While all this was going on, the prisoners were rioting. The riot began at the same moment the assault did, which argues coordination. Personally I suspect the aim was to stage a jailbreak – it would have given them immense prestige to be the liberators of Abu Ghraibh, and no doubt there were people in there they wanted out.

But the really bad bit is this: after half an hour, the battle suddenly stopped…just like that.

“By 9, it was quiet. “It was almost as if everybody blew a whistle,” Melanson recalled. “Almost everybody stopped firing, and they disappeared.”

No doubt, after the attempt to breach the wall failed, some commander decided to break off the action and make an orderly retreat before the QRF arrived with the heavy metal. And that’s just what they did – they even carried off their dead, as they only found two corpses outside the wire. Now, breaking off a battle without being counter-attacked is very difficult. It requires excellent training and discipline, as well as good leadership and effective communication, to say nothing of prior planning. And it’s all about recognising when to stop and cut your losses.

An enemy that can do suicide car bombing as well as break-contact drills is truly formidable; it’s like the alpha and omega of war. The Americans have been talking about two kinds of enemy in Iraq, the calculated ex-Ba’athist roadside-bomber types who care deeply about living to fight another day, and the crazy-arsed jihadis who just want to die gloriously and couldn’t care less about breaking contact in an orderly fashion. It looks like they’re on their way to finding a Hegelian synthesis.

At the same time, the enemy’s hardware is improving too. Last week they blew up a humvee, killing five US Marines: but this Hummer was special, being one of the ones that did get its extra armour. The New York Times‘s David Cloud has the details:

Insurgents have long been able to build bombs powerful enough to penetrate some armored vehicles. But the use of “shaped” charges could raise the threat considerably, military officials said. Since last month, at least three such bombs have been found, Lt. Gen. James T. Conway, the director of operations for the Joint Chiefs of Staff, told reporters at a Pentagon briefing this month.

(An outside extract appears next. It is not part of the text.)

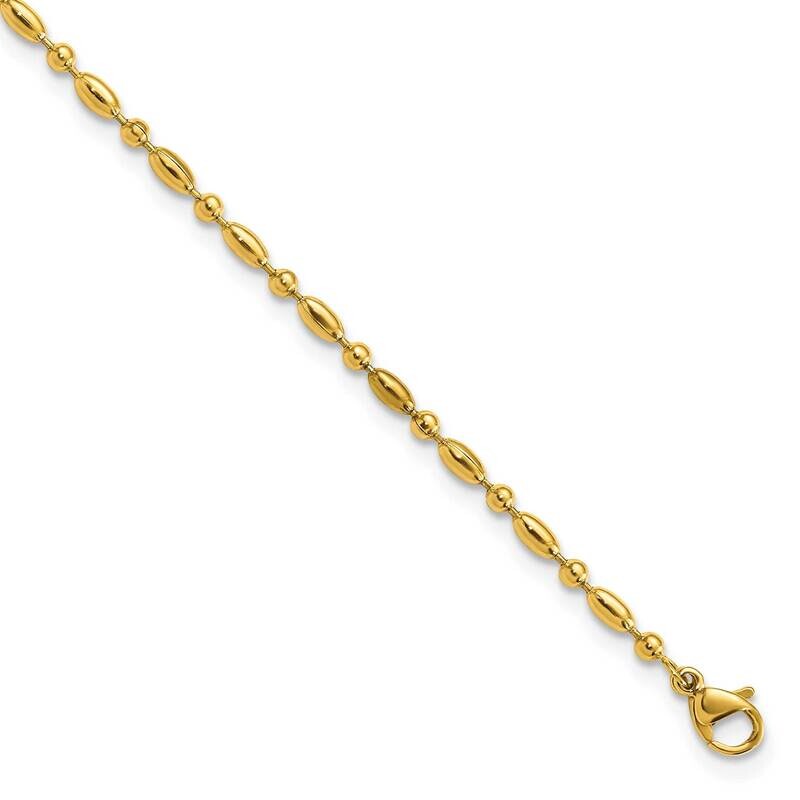Chisel Polished Yellow Ip-Plated Fancy Beaded 9.5 Inch Anklet Plus 1 Inch Extension Stainless Steel SRA116-9.5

The shaped charge explosion fires a projectile “at a very rapid rate, sufficient to penetrate certain levels of armor,” General Conway said, adding that weapons employing shaped charges had caused American casualties in the last two months. He did not give details.

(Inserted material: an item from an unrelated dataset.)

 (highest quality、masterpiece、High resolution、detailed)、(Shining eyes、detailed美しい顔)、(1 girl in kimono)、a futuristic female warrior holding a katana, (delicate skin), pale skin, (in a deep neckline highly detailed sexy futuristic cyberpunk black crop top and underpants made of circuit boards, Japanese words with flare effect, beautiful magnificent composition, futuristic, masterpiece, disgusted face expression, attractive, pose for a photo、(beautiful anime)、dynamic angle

A Pentagon official involved in combating the devices said shaped charges seen so far appeared crude but required considerable expertise, suggesting insurgents were able to draw on well-trained bomb-makers, possibly even rocket scientists from the former government. Shaped charges and rocket engines are similar, the official said.

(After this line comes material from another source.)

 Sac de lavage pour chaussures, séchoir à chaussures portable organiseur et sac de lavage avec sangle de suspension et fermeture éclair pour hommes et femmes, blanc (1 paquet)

Infrared detonators are an advance over the more common method of rigging bombs to explode after an insurgent nearby presses a button on a cell phone, a garage-door opener or other device that gives off an electric signal. That approach is vulnerable to jammers, however, and a shift to infrared detonators, which rely on light waves, underscores the insurgents’ resourcefulness.”

Rocket engines, eh…Readers of this blog will probably remember that I covered the loss of an RAF C130 on Iraqi election day in some detail. The Times, I see, got hold of a leak of the official verdict and I missed it. Link. Apparently it was operating at very low altitude, carrying out a reconnaissance of possible landing zones in support of SAS tasks in the area (whatever *they* were), when rebels fired at least five missiles or rockets at it simultaneously, thus flooding the defensive-aids suite (DAS) on the aircraft. The Thunderer’s source suggested that its take-off from Baghdad had been observed and, presumably, communicated to the shooters.

Michael “Downing St. Memo” Smith, for it is he, seems to have discovered a *very* fruitful source in the MoD. And I was wrong as hell about the SA-4. On another point, I’ve mused in the past that the tendency of the southern provinces of Iraq, the ones that make up the MND(SE) zone, to integrate might be being encouraged by British political advisers to the army. The putative Shia entity (I hesitate to use the word state) now has a name: “Sumer”. And I’m beginning to think that if we aren’t encouraging it, maybe we should be. Because I can’t see any remotely plausible exit strategy otherwise.

At least we got the zone with a coast.